Par l'intermédiaire de l'organisme « Medical Missions for Children » (MMC), l'USAID a mis en place un réseau de vidéoconférence par Internet qui permet à des médecins bénévoles de trente hôpitaux des États-Unis d'examiner des enfants malades habitant à l'étranger, de faire un diagnostic et de prescrire un traitement.
En 2003, l'Alliance pour le développement dans le monde (« Global Development Alliance ») de l'USAID a investi un million de dollars en vue d'étendre un réseau de télémédecine en Amérique latine et dans les Antilles. Elle a construit des stations terrestres reliées par satellite en Bolivie, au Brésil, au Guatemala, au Mexique et au Panama afin de permettre à des localités reculées de ces pays de recevoir des émissions d'enseignement médical. Ces stations peuvent enregistrer et retransmettre à la demande près de 120 heures d'enseignement médical provenant de cinq hôpitaux financés par l'USAID.

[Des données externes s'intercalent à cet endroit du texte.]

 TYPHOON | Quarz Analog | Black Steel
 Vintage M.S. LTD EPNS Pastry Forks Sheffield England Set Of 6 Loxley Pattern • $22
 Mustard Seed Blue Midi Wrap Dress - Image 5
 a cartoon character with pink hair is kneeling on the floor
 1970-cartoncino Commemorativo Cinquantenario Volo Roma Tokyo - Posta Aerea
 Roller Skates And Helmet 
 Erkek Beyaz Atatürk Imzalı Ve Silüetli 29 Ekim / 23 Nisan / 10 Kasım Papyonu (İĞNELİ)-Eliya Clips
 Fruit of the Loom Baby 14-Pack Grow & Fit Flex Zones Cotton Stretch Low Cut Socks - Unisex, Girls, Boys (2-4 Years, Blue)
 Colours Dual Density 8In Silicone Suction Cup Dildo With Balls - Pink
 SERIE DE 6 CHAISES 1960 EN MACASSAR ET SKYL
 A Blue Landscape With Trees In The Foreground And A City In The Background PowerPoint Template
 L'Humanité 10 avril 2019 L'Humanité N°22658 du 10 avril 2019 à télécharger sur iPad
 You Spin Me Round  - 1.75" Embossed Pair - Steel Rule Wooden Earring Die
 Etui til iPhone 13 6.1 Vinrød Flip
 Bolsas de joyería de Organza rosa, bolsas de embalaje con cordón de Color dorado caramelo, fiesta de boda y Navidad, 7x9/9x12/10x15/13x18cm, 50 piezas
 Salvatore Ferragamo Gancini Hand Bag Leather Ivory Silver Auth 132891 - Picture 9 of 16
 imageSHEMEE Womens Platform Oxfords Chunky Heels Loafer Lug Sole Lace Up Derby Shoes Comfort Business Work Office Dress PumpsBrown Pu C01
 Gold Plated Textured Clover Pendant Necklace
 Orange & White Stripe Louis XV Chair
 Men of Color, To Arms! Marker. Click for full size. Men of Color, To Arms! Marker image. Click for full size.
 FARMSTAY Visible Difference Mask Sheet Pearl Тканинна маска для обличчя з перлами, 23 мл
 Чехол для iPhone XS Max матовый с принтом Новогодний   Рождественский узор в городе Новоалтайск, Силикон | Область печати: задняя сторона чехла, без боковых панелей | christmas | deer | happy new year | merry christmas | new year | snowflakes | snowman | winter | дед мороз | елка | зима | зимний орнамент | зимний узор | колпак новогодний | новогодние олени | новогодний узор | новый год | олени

La société internationale de télécommunications Intelsat a donné la bande satellite nécessaire aux dispositifs techniques destinés à permettre l'examen, le diagnostic et la prescription d'un traitement en temps réel et à ajouter un élément éducatif. Pour sa part, la société de vidéoconférence Polycom a fourni du matériel vidéo afin d'étendre le réseau mondial de télémédecine et d'enseignement du MMC.
À l'heure actuelle, près de 600 médecins travaillent à titre bénévole, pendant au moins 12 heures par an, afin d'aider des hôpitaux situés dans des pays en développement à faire un meilleur diagnostic et à mieux soigner les malades.
La chaîne d'enseignement médical de l'Afrique du Sud
En Afrique du Sud, a indiqué M. Greene, l'USAID consacre, dans le cadre du plan d'aide d'urgence à la lutte contre le sida du gouvernement Bush, 3 millions de dollars à l'expansion de la chaîne d'enseignement en matière de santé publique de ce pays. Cette chaîne diffusera par satellite et à titre gratuit un enseignement à l'intention des malades et du personnel soignant des dispensaires et des hôpitaux sud-africains.
Créée dans le cadre d'un partenariat entre le ministère sud-africain de la santé et des entreprises du secteur privé, cette chaîne devrait diffuser ces émissions dans tous les 4.000 centres médicaux de l'Afrique du Sud d'ici à cinq ans et atteindre 97.000 infirmières et 36 millions de Sud-Africains.
Il est possible, a indiqué M. Greene, qu'elle soit étendue un jour au reste de l'Afrique et qu'elle aborde tous les grands problèmes de santé.